# No pay stubs



## boat (May 17, 2014)

Hello guys- I have another question that seems to only follow expats. My accountant is asking for my pay stubs, or end of the year pay voucher from the company I work for. Thing is the company I work is not that sophisticated. We are lucky whey they manage to pay us, let alone give us pay stubs. So what I have are bank deposits in random amounts to my NZ account. I gave her the amount we make on a monthly basis and she is not sure what to do. What do other people do in this situation? 

Boat


----------



## JustLurking (Mar 25, 2015)

boat said:


> Hello guys- I have another question that seems to only follow expats.


Only _US citizen_ expats. Except for Eritrea, expats from other countries don't have this issue.

My take on it would be that your accountant will simply have to believe you on this one.
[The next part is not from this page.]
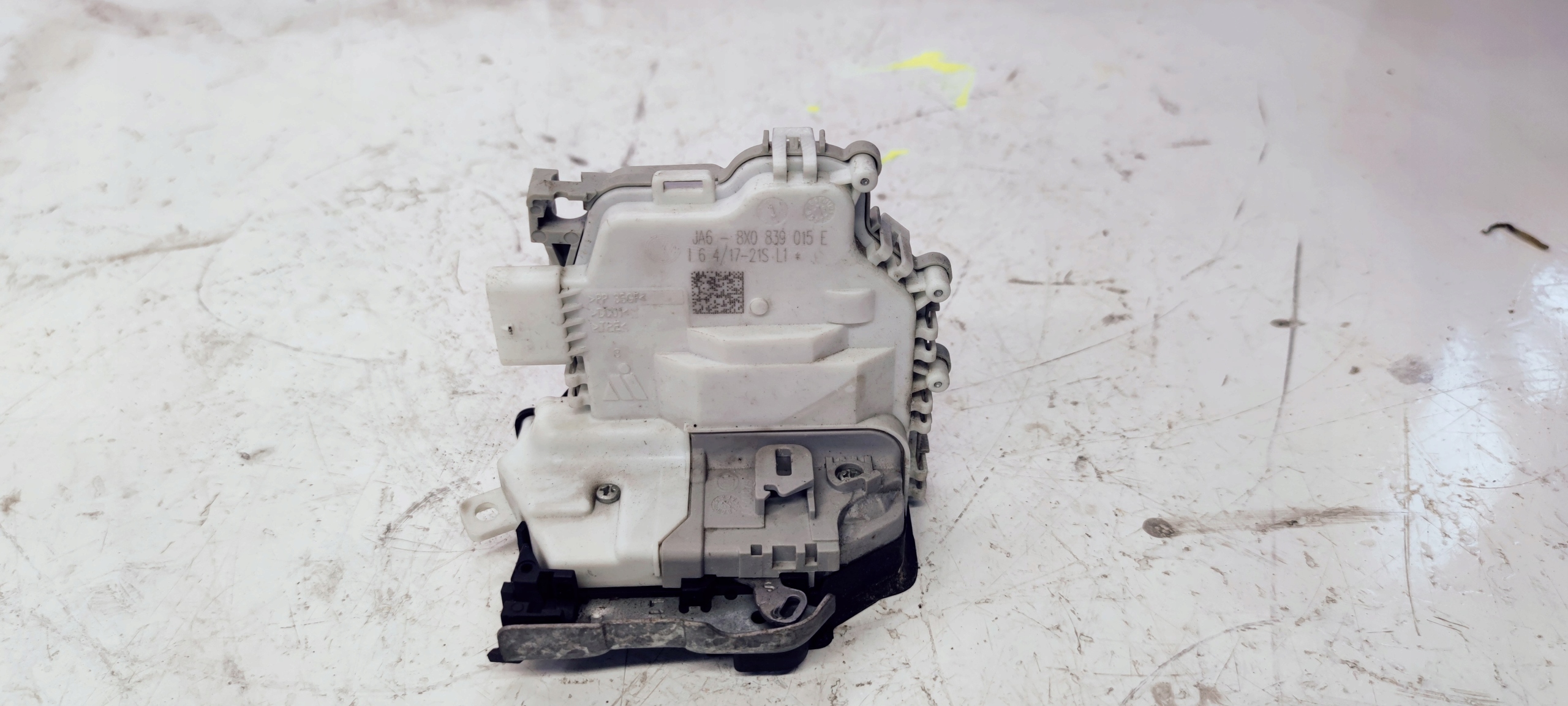 lock door left rear part AUDI A1 8X0839015E 5 PIN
If you were doing your tax return yourself, you wouldn't need to agonise over missing payslips. And the IRS won't expect a W2 or equivalent from foreign countries; all they too can do is believe what you tell them.


----------



## Bevdeforges (Nov 16, 2007)

Basically what JustLurking said. OTOH, I just happen to be an accountant by trade and I understand that your tax person needs something to validate your claims of what you have been paid. 

Some possibilities are:
Your bank statements with your pay entries highlighted. (Would actually help if you would indicate the source of all deposits to your account. The accountant can then determine which are income and which are something else.)

Any sort of validation of how you are paid. Time sheets, or vouchers you turn in requesting payment, for example. 

How do you check to see that you've been paid every month? How would you know if you hadn't been paid, or had been paid late? That's probably the document your accountant needs.
Cheers,
Bev


----------



## rsetzer99 (Feb 20, 2014)

I am an Accountant also, and I agree with Bev. You likely have some sort of documentation, otherwise you would not have a way to know whether you have been paid the proper amount. 

Your Accountant may be quite satisfied with highlighted bank statements, but will probably also advise you to keep your other documentation as backup in case of questions. I tell people that an inexpensive scanner and a free Dropbox account is a good way to archive these things.


----------